• PROVIDED DATA
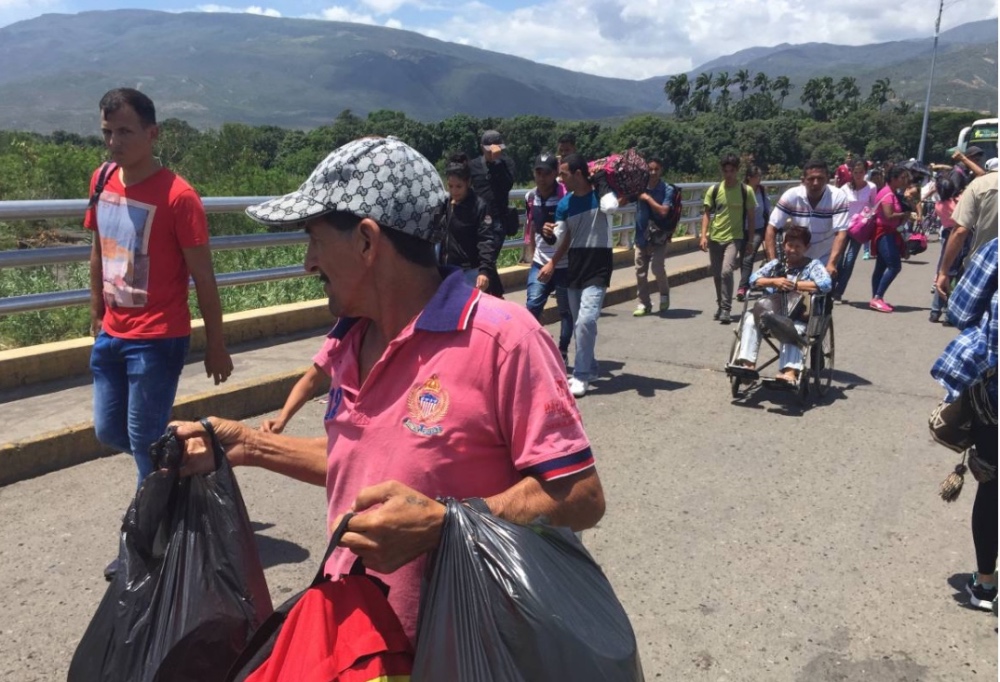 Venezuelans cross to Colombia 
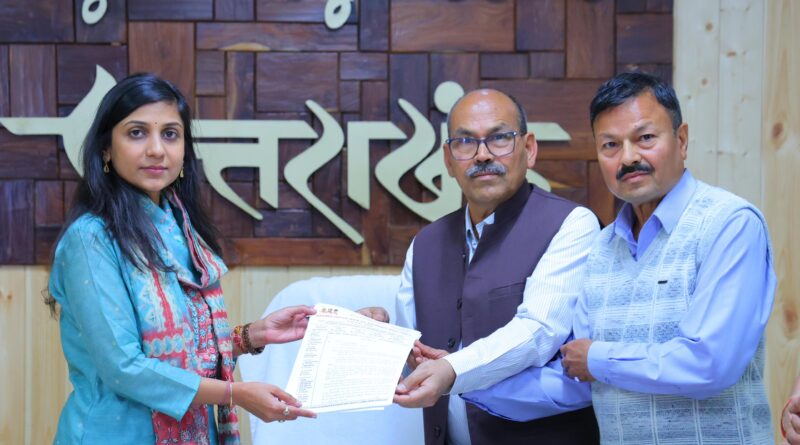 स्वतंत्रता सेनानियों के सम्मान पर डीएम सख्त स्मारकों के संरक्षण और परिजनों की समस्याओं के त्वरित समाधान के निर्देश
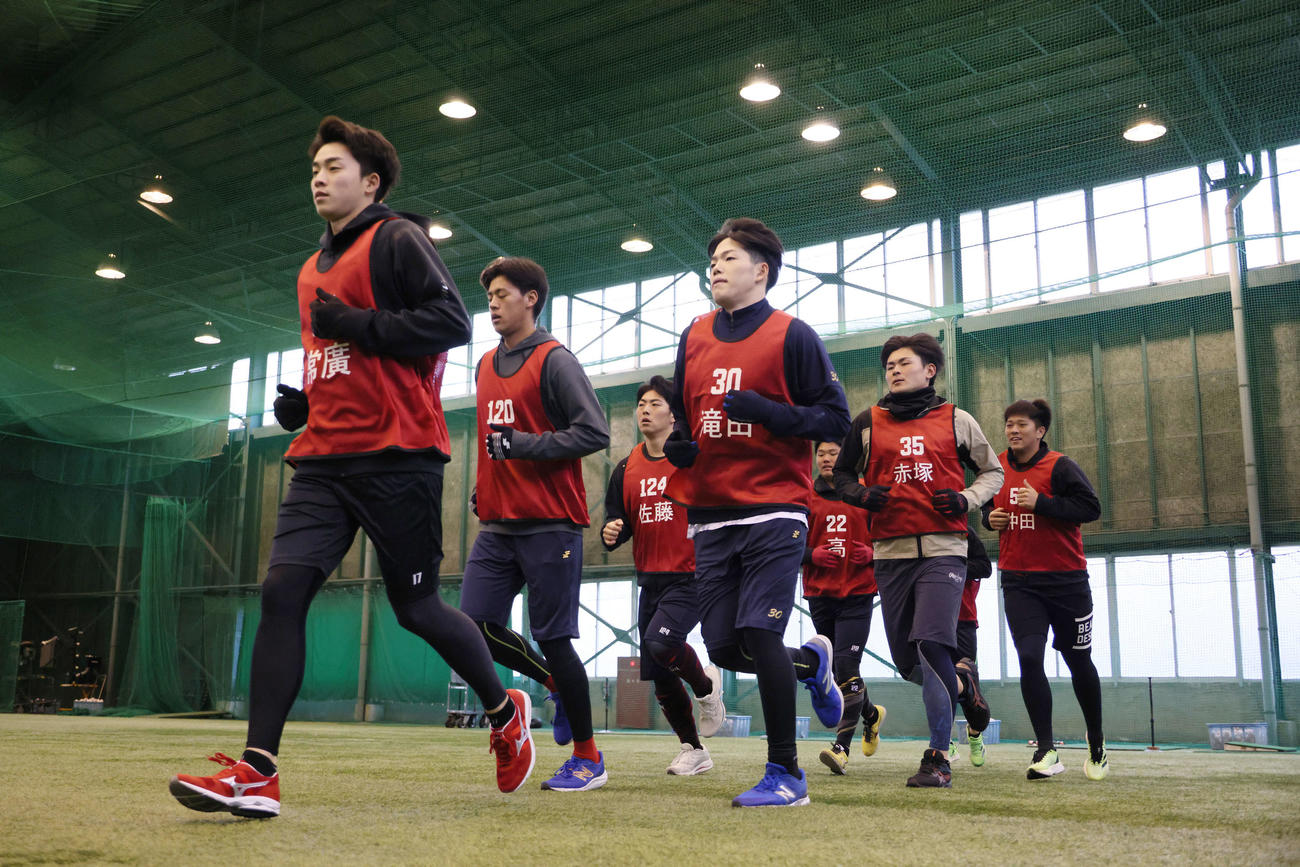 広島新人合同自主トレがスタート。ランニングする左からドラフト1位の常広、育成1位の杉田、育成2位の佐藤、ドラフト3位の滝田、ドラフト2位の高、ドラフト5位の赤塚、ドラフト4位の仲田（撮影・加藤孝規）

• WORK ITEM
Every line of the material above should be repeated exactly, except for the pictures.

• ANSWER SPACE
 Venezuelans cross to Colombia 
 स्वतंत्रता सेनानियों के सम्मान पर डीएम सख्त स्मारकों के संरक्षण और परिजनों की समस्याओं के त्वरित समाधान के निर्देश
 広島新人合同自主トレがスタート。ランニングする左からドラフト1位の常広、育成1位の杉田、育成2位の佐藤、ドラフト3位の滝田、ドラフト2位の高、ドラフト5位の赤塚、ドラフト4位の仲田（撮影・加藤孝規）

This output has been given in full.